In the last post we looked at different Phases of MapReduce. In this post we will take a real example and walk through the process involved working with MapReduce.
Before you go on reading this post, please note that this post is from our free course named Hadoop Starter Kit. It is a free introductory course on Hadoop and it is 100% free. Click here to enroll to Hadoop Starter Kit. You will also get free access to our 3 node Hadoop cluster hosted on Amazon Web Services (AWS) – also free !
Here is the problem we like to solve today. We have a dataset with information about several fictitious stocks symbol. Each line in the dataset we have information about a stock symbol for a day… information like the opening price, closing price, high, low, volume and adjusted closing price for a given day.
Lets pick a record in this dataset, in this record we have information for symbol. B7J. for date 2010-01-20 and we have the opening price, high, low close price, volume etc.
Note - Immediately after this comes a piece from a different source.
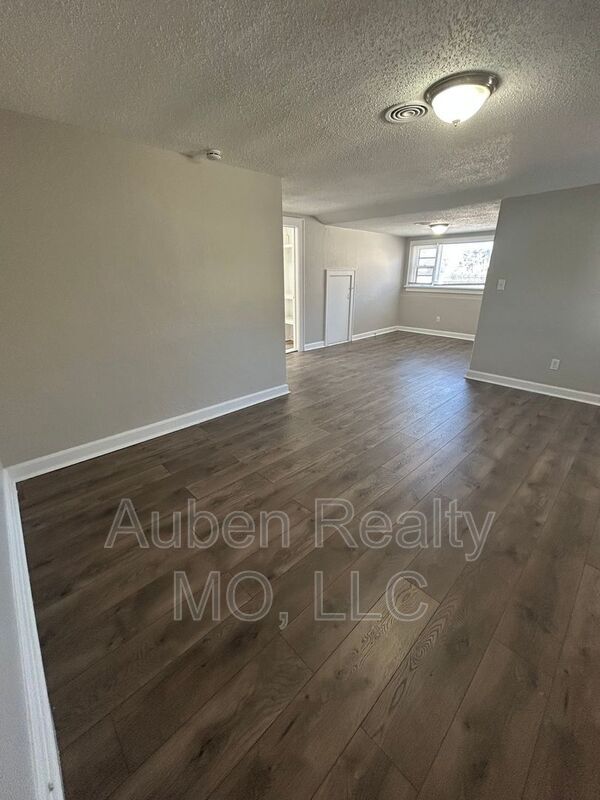 Building Photo - 6227 Rockhill Rd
The size of this data is slightly over 400 MB. Not too big but good enough for our experimentation. Now lets talk about the problem we would like to solve with this dataset. For every stock symbol in the dataset we would like to find out its maximum closing price across several days. Simple use case right?
Now think about this problem for a second. forget about MapReduce and Hadoop. How would you solve this problem? Just think about the the algorithm.
We will read a line, get the symbol and closing price from the line. Then we need to check, is this closing price greater than the closing price we have for the symbol. If not go process the next line. If it is the greater than the closing price, save the closing price as the maximum closing price for that symbol and move on to the next record in the dataset. If you reached the end of the file, print the results.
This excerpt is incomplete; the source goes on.